Winner of the 17th season of the Big Book National Literary Award, writer Pavel Basinsky with an award at the Pashkov House. Photo: Anton Novoderezhkin / TASS
Summing up the results of the main literary award “Big Book” surprised me with the monotony of the choice. This year Dmitry Danilov was the favorite behind the scenes with the dystopian novel “Sasha, hello”for which Danilov has already received the Yasnaya Polyana award this year.
Usually the laureates of Yasnaya Polyana are one way or another among the top three winners of the Big Book, but Danilov was left behind, because this year reality lost out to lush literary criticism of varying degrees of relevance. For the first time in Big Book history, three biographies won. The first place was awarded to Pavel Basinsky with “The True Story of Anna Karenina”, about Anna’s prototype. Second place went to the rector of the Literary Institute Alexei Varlamov with the book “Rozanov” – a biography of the writer Vasily Rozanov (“the first blogger in fact,” as Varlamov noted). The third was Sergei Belyakov with the “Paris Boys”, in detail commented out diary of the son of Marina Tsvetaeva. (A curious detail, on the eve the author mentioned that he had not had sex for a year in order to better understand how a fifteen-sixteen-year-old boy feels, to whom women are inaccessible …)
Since the first two authors are representatives of the literary nomenclature, the audience perceived the awarding of the third place in two ways. On the one hand, few of the readers saw the novelty of Belyakov’s text, but the point of view was voiced that the book had “at least some novelty in the formulation of the topic”, and the award itself – the third place – was “a tribute to the remnants of decency.”

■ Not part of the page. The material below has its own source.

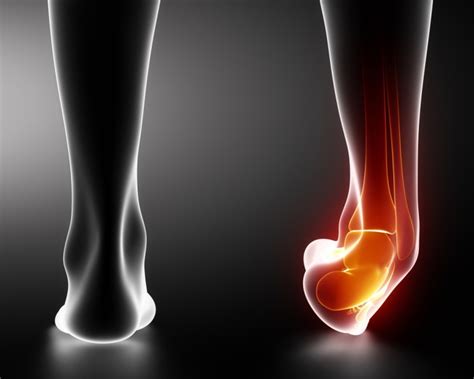 Ankle Sprain Treatment in Gurgaon | Best Physiotherapist | Dr Rajesh Pal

Writer Guzel Yakhina. Photo: Anton Novoderezhkin / TASS
An interesting story came out with the notorious Guzel Yakhina. As you know, this author always receives awards, but this year the organizers of the award, obviously, set out to not hurt the patriotic feelings of readers. Therefore, “Echelon to Samarkand” raced past the money, but the author was consoled by the audience award.

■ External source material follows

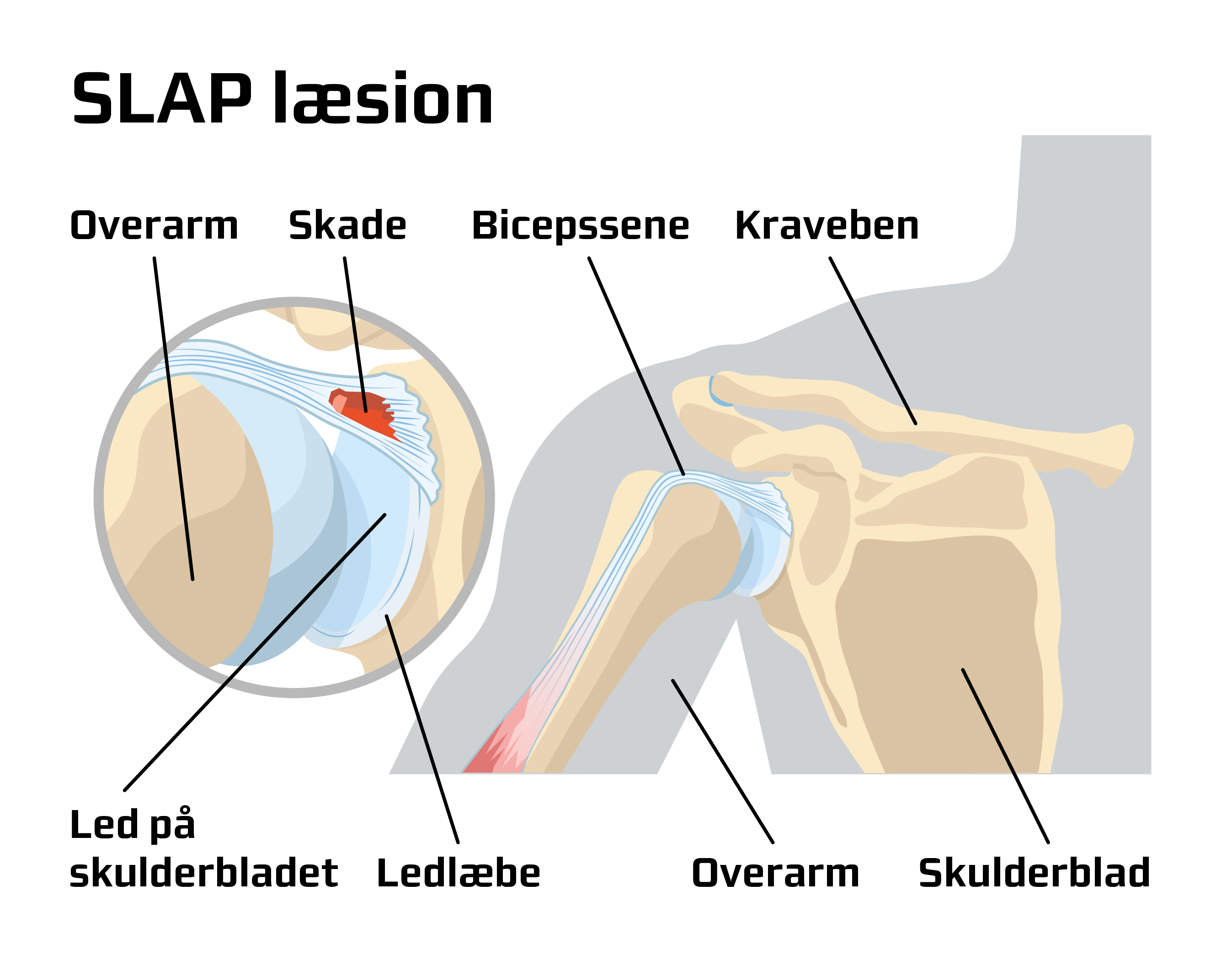 SLAP_9689_Ledlæbeskade på bicepssenens tilhæftning.png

During the ceremony, “guessing by the book”: the questions of the Russian classics were answered by the finalists of the event. Everything was quiet and smooth, but the aftertaste remained the same. The results of the same type, the absence of books in the genre of “fiction” did not inspire at all and suggested that the main triumph of the ceremony was the trend for “what if it didn’t work out.”